Could you return the data below exactly as it appears?

## [Material provided]
======
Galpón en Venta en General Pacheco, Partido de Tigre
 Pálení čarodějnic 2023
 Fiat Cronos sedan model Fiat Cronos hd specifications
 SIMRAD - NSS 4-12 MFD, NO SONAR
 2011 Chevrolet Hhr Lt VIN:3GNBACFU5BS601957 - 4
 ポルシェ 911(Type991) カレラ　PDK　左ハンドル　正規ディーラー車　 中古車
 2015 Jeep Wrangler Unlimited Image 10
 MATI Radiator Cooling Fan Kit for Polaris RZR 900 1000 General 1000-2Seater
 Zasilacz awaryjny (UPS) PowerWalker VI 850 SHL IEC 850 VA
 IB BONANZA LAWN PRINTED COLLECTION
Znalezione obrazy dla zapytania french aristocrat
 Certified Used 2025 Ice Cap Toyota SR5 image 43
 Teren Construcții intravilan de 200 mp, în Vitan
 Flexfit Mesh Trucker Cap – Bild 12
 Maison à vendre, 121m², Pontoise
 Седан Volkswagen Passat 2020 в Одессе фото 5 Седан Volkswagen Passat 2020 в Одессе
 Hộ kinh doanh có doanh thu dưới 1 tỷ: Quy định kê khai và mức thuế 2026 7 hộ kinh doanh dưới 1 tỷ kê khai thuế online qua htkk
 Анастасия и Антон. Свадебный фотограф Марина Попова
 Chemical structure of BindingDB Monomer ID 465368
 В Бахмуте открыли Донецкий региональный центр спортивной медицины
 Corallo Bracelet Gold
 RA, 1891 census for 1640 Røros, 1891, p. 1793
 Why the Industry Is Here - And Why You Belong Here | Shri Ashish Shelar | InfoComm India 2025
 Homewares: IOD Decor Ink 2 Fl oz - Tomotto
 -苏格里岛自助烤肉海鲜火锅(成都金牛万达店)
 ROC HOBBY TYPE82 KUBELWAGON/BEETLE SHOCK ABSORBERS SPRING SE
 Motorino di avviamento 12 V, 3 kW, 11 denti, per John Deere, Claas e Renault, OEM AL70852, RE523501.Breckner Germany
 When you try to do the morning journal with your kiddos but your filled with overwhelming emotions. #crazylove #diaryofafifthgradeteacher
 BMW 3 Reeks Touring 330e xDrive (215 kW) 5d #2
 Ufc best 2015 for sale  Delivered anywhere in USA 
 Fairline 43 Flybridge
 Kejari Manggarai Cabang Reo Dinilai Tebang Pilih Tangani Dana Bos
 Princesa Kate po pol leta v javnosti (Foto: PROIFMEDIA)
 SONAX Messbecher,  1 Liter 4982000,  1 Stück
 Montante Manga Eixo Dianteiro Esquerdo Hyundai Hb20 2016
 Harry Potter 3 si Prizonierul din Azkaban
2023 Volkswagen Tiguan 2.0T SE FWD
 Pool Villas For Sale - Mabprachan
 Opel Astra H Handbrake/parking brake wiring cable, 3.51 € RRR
======
## [Your solution]
Galpón en Venta en General Pacheco, Partido de Tigre
 Pálení čarodějnic 2023
 Fiat Cronos sedan model Fiat Cronos hd specifications
 SIMRAD - NSS 4-12 MFD, NO SONAR
 2011 Chevrolet Hhr Lt VIN:3GNBACFU5BS601957 - 4
 ポルシェ 911(Type991) カレラ　PDK　左ハンドル　正規ディーラー車　 中古車
 2015 Jeep Wrangler Unlimited Image 10
 MATI Radiator Cooling Fan Kit for Polaris RZR 900 1000 General 1000-2Seater
 Zasilacz awaryjny (UPS) PowerWalker VI 850 SHL IEC 850 VA
 IB BONANZA LAWN PRINTED COLLECTION
Znalezione obrazy dla zapytania french aristocrat
 Certified Used 2025 Ice Cap Toyota SR5 image 43
 Teren Construcții intravilan de 200 mp, în Vitan
 Flexfit Mesh Trucker Cap – Bild 12
 Maison à vendre, 121m², Pontoise
 Седан Volkswagen Passat 2020 в Одессе фото 5 Седан Volkswagen Passat 2020 в Одессе
 Hộ kinh doanh có doanh thu dưới 1 tỷ: Quy định kê khai và mức thuế 2026 7 hộ kinh doanh dưới 1 tỷ kê khai thuế online qua htkk
 Анастасия и Антон. Свадебный фотограф Марина Попова
 Chemical structure of BindingDB Monomer ID 465368
 В Бахмуте открыли Донецкий региональный центр спортивной медицины
 Corallo Bracelet Gold
 RA, 1891 census for 1640 Røros, 1891, p. 1793
 Why the Industry Is Here - And Why You Belong Here | Shri Ashish Shelar | InfoComm India 2025
 Homewares: IOD Decor Ink 2 Fl oz - Tomotto
 -苏格里岛自助烤肉海鲜火锅(成都金牛万达店)
 ROC HOBBY TYPE82 KUBELWAGON/BEETLE SHOCK ABSORBERS SPRING SE
 Motorino di avviamento 12 V, 3 kW, 11 denti, per John Deere, Claas e Renault, OEM AL70852, RE523501.Breckner Germany
 When you try to do the morning journal with your kiddos but your filled with overwhelming emotions. #crazylove #diaryofafifthgradeteacher
 BMW 3 Reeks Touring 330e xDrive (215 kW) 5d #2
 Ufc best 2015 for sale  Delivered anywhere in USA 
 Fairline 43 Flybridge
 Kejari Manggarai Cabang Reo Dinilai Tebang Pilih Tangani Dana Bos
 Princesa Kate po pol leta v javnosti (Foto: PROIFMEDIA)
 SONAX Messbecher,  1 Liter 4982000,  1 Stück
 Montante Manga Eixo Dianteiro Esquerdo Hyundai Hb20 2016
 Harry Potter 3 si Prizonierul din Azkaban
2023 Volkswagen Tiguan 2.0T SE FWD
 Pool Villas For Sale - Mabprachan
 Opel Astra H Handbrake/parking brake wiring cable, 3.51 € RRR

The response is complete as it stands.